Web Components are a group of standard APIs that make it possible to create custom HTML-based tags that have their own functionality and component lifecycle flow. The main objectives of the Web Component are to encapsulate the code for the angular components as a reusable package for maximum interoperability. So, in simple words, Web Components is a suite of standard APIs that may be developed in different technologies allowing us to create reusable custom elements the entire functionality is encapsulated from the rest of our code and we can utilize them in our web applications.
For defining any web component, we need to define the below features in any angular component so that it can act as a web component.
- Custom Elements: This specification helps us to design the new types of DOM elements.

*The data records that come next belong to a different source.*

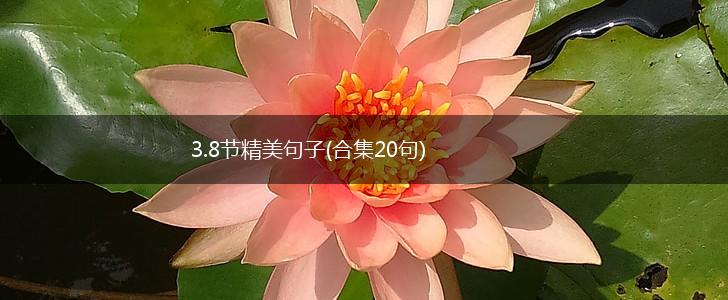 3.8节精美句子(合集20句),第1张 3.8节精美句子(合集20句),第1张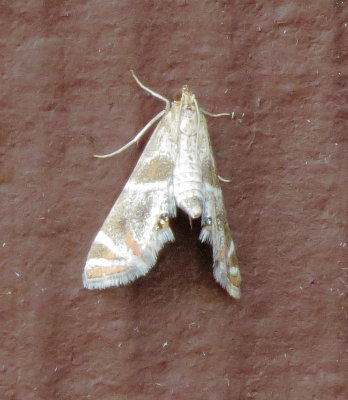 Feather-Edged Petrophila Moth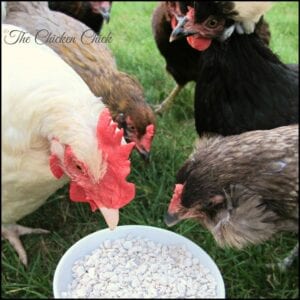 Laying hens need access to oyster shells.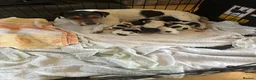 Jack Russell dogs for sale: Traditional Jack Russells - Advert 11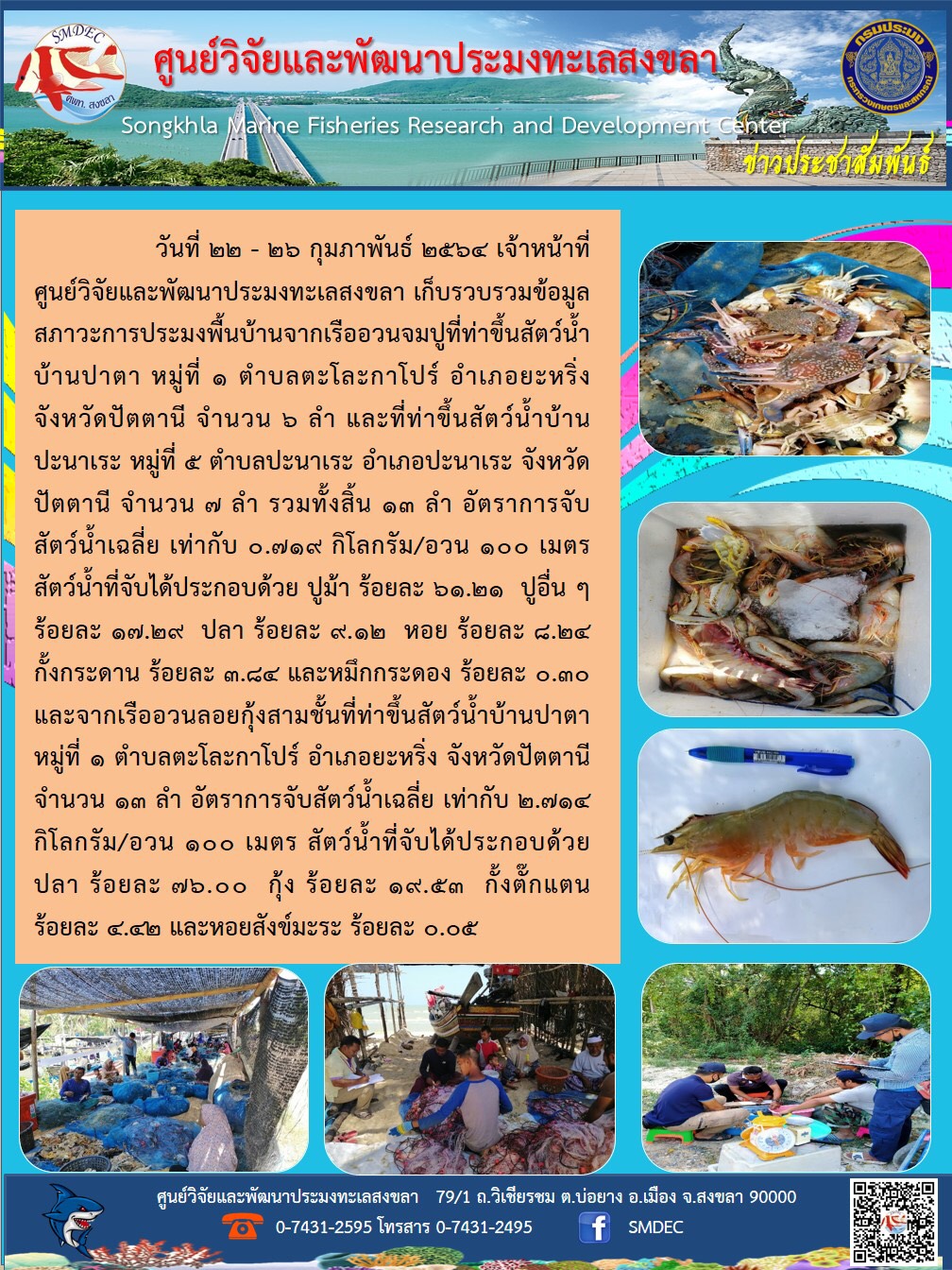 วันที่ 22 - 26 กพ. 2564 ศูนย์วิจัยและพัฒนาประมงทะเลสงขลา เก็บรวบรวมข้อมูลสภาวะการประมงพื้นบ้านจากเรืออวนจมปูที่ท่าขึ้นสัตว์น้ำ บ้านปาดา หมู่ 1 จ.ปัตตานี จำนวน 6 ลำ ที่ท่าขึ้นสัตว์น้ำบ้านปะนาเระ หมู่ที่ 5 จ.ปัตตานี จำนวน 7 ลำ รวม 13 ลำ อัตราการจับสัตว์น้ำเฉลี่ย เท่ากับ 0.719 กิโลกรัม/อวนและจากเรืออวนลอยกุ้งสาใชั้นที่ท่าขึ้นสัตว์น้ำบ้านปาตา หมู่ 1 จ.ปัตตานี จำนวน 13 ลำอัตราการจับสัตว์น้ำเฉลี่ย เท่ากับ 2.714 กิโลกรัม/อวน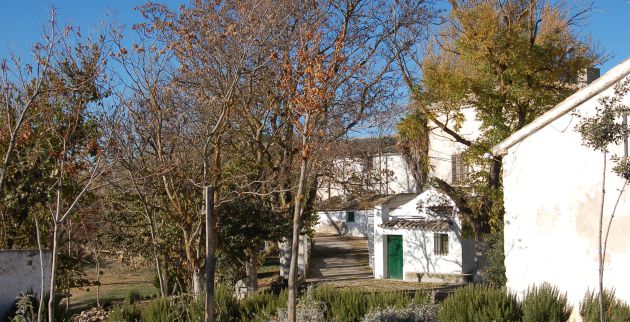 Cortijo de Torrebuceit. Cortijo de Torrebuceit.
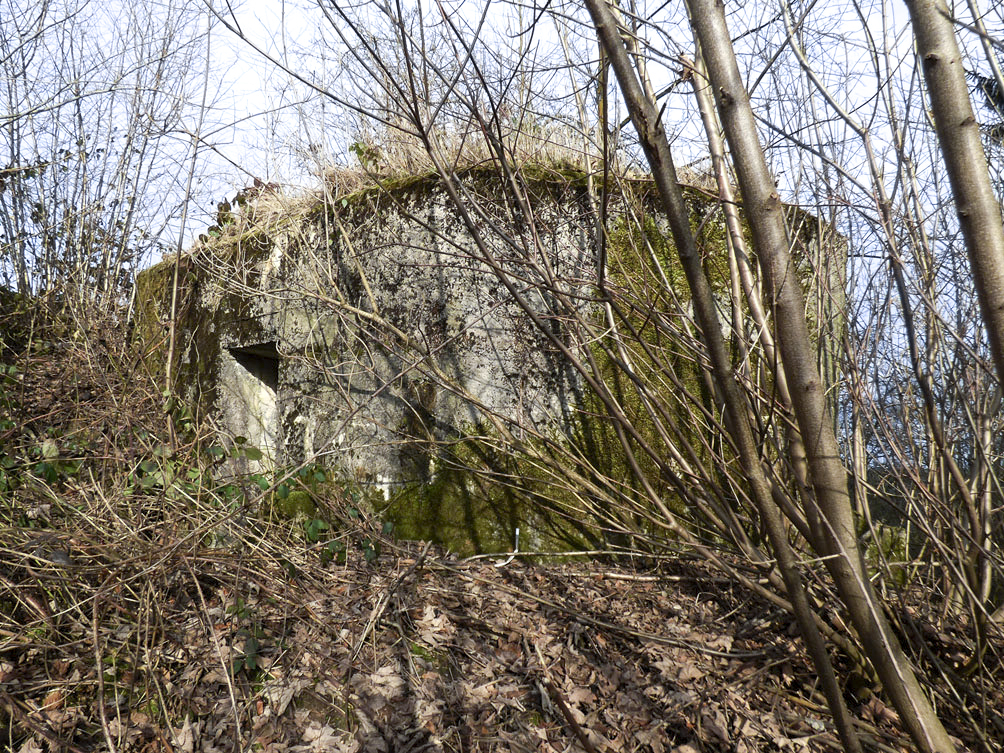 Ligne Maginot - BA93 - LE COUVENT SUD - (Blockhaus pour arme infanterie) -  - JMBrams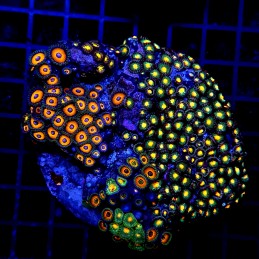 H-9305 - Zoanthus spp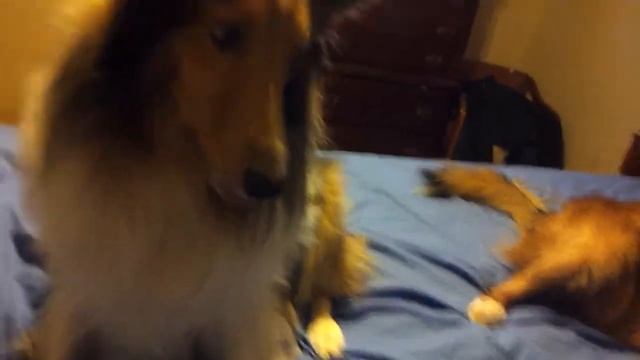 Sheltie Playing "Leave It" смотреть онлайн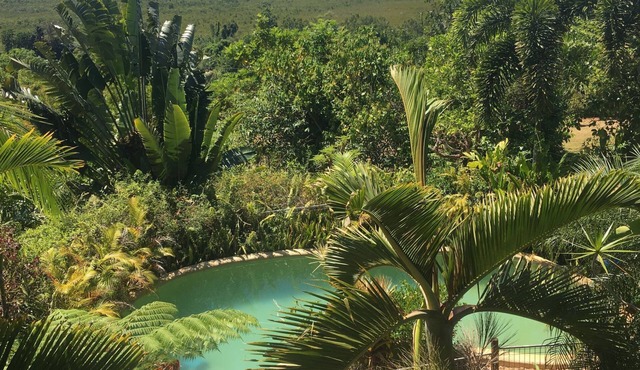 Mission Beach Escape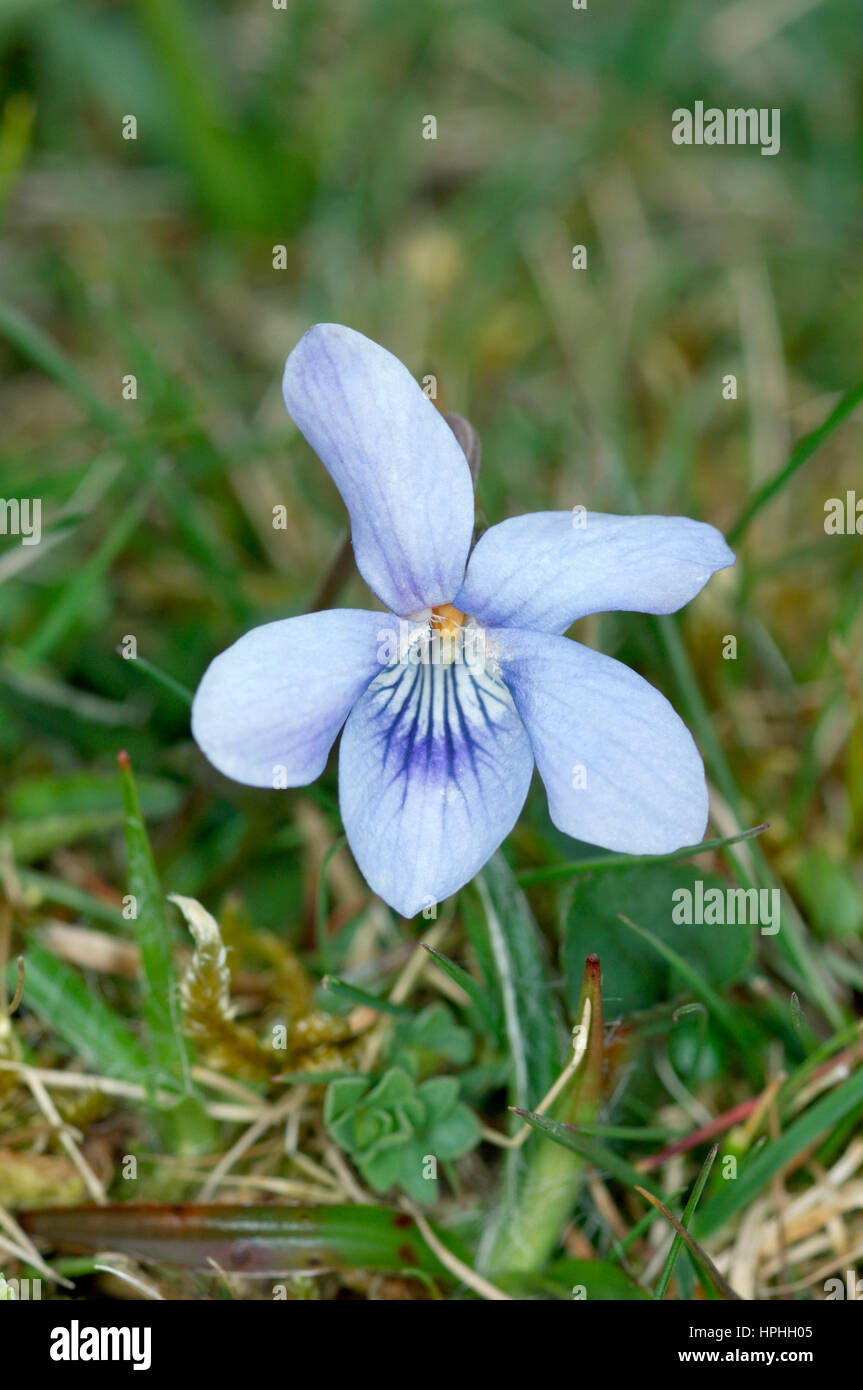Heide Hund-Veilchen - Viola Canina (Violaceae) Stockfoto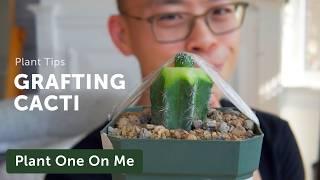 How & Why to GRAFT CACTI — Ep. 398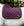 Tapis de Dressage Performance Alessandro Albanese®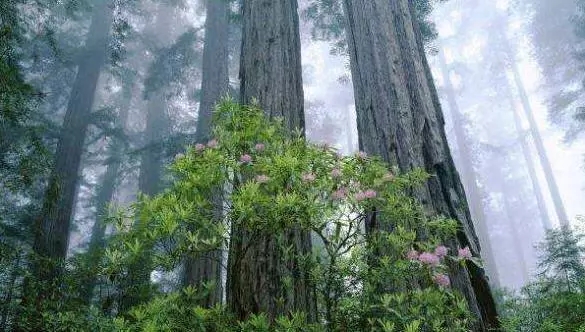 ���Եذ山��Ӳľ��Ʒ���� ����һ�����㾪ϲ��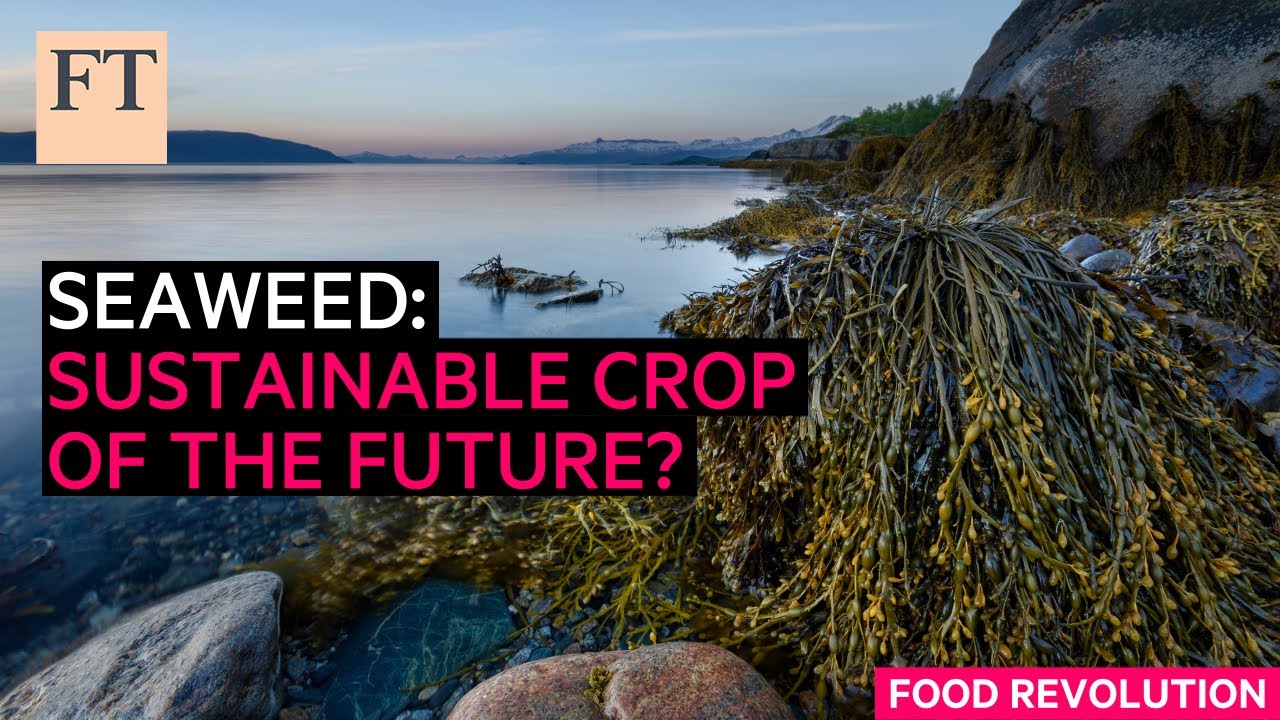 Морские водоросли: устойчивая культура будущего? | FT Food Revolution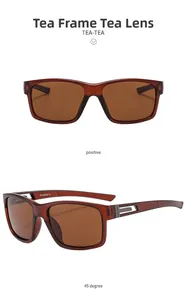 Lunettes de soleil polarisées sport avec monture thé et détails métalliques sur branches
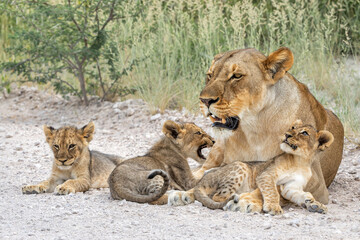 Lion mother with cub. This lioness was resting with her cubs in Etosha National Park in Namibia. The lioness wants to rest but the cubs want to play and drink. Nice lion interaction.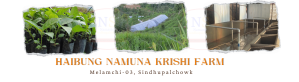 Haibung Namuna Krishi Farm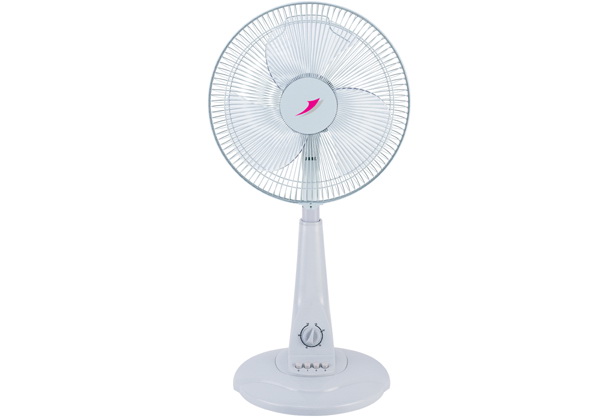 Electric Standing Fan with Adjustable Height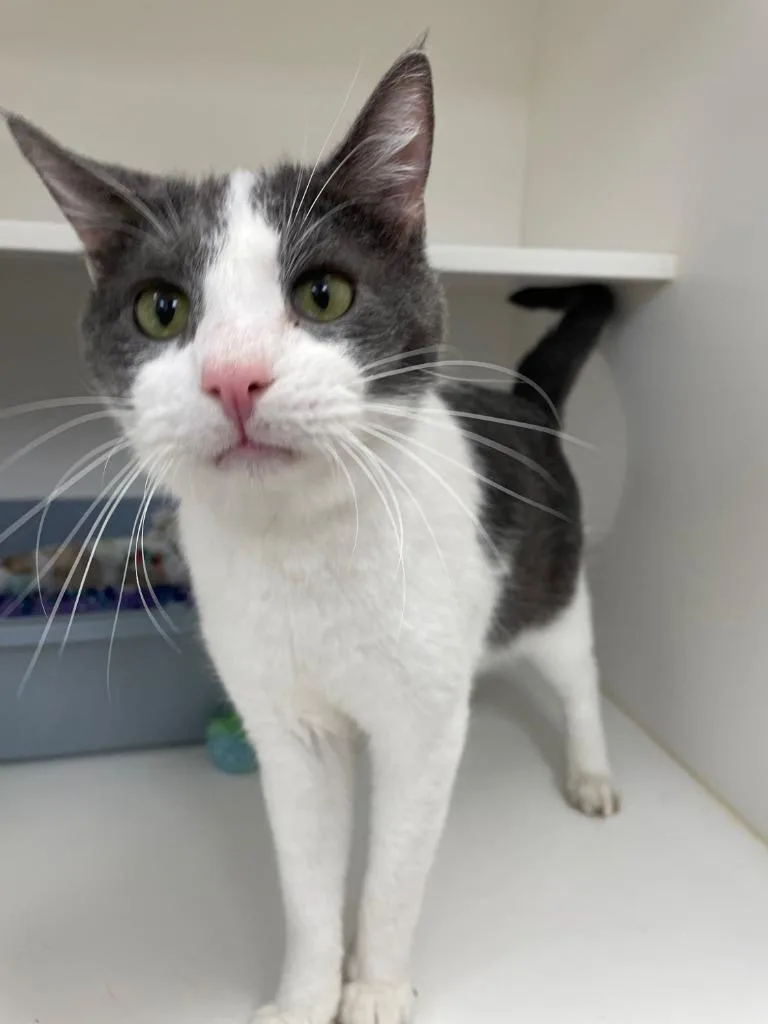 A senior medium-sized male Domestic Short Hair cat named Tom Tom for adoption in Neillsville, WI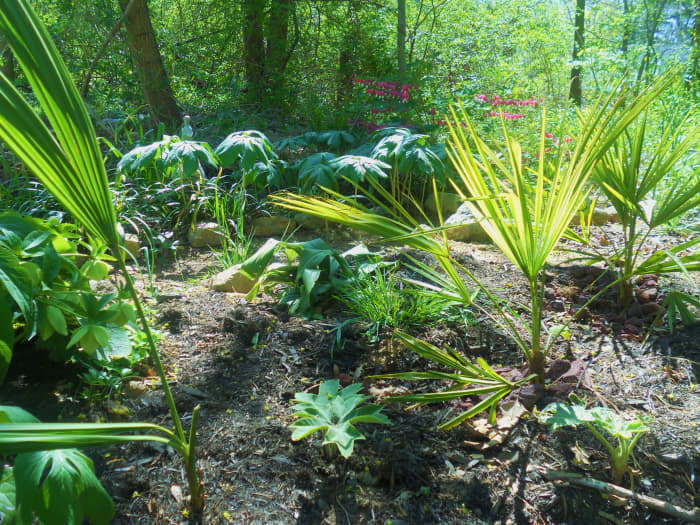 Discover some of the hardiest of the cold hardy palms for your backyard: needle palm, windmill palm, saw palmetto, and pindo palm.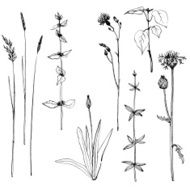 Set of ink drawing herbs and flowers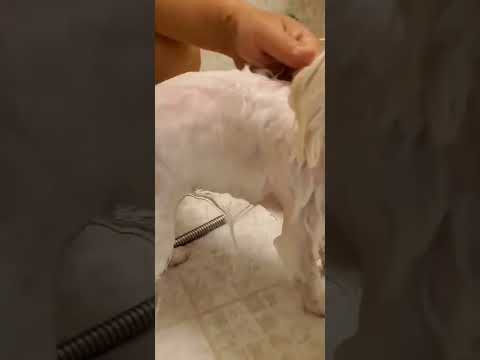 寵物洗澡過濾蓮蓬頭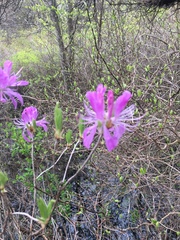Rhododendron canadense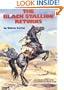 The Black Stallion Returns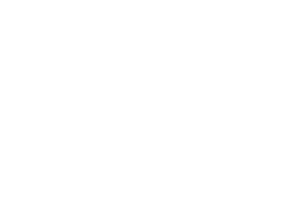 Marketing digital concesionarios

- Shadow DOM: It helps us to define how to use encapsulated style and markup in the web components.
- ES Modules: This specification helps us to define to include any JS library and provide options for reusing them in the documents in a standard way.
- HTML Templates: Using this specification, we can define any HTML markup section that normally is in unused mode at the time of page load but will be active or initialized later on at run time against any specific events or task.
Benefits of a Web Component
As a developer, we always prefer to reuse the code as much as possible in any application development. The main purpose of using Web Component is for the reusability of code. A web component is basically a standardized process of making encapsulated, reusable user interface elements for the web application. A web component always provides the following features in our web development.
- Reusability
- Maintainability
- Productivity
- Encapsulation
- Extensibility
- Composability
But still, the question remains the same, i.e. Why do we need a web component as all framework provides us with all the above features? The main reason behind the web component is Interoperability. Since every framework works superbly within its own ecosystem. Generally, we can’t (easily) use any Angular Component within a React framework or vice versa.
Since the front-end development community provides a large number of new tools, frameworks, libraries, etc on a regular basis manner. In this way, we need to make changes to our applications to fit them into the new frameworks or libraries. So, when we want to develop any web application today, our main concern will be how our application will adopt future release libraries or frameworks. Since sometimes it is very hard and in some cases, we need to re-write the entire application from scratch again to fit into the new technology. In this scenario, web components play an important role in web application development. Because web components are built on the basis of standard web protocol it will work across any ecosystem. The main benefits of the web components are,
- Interoperability: Web components can transcend framework and can be used in different projects of different technology stacks.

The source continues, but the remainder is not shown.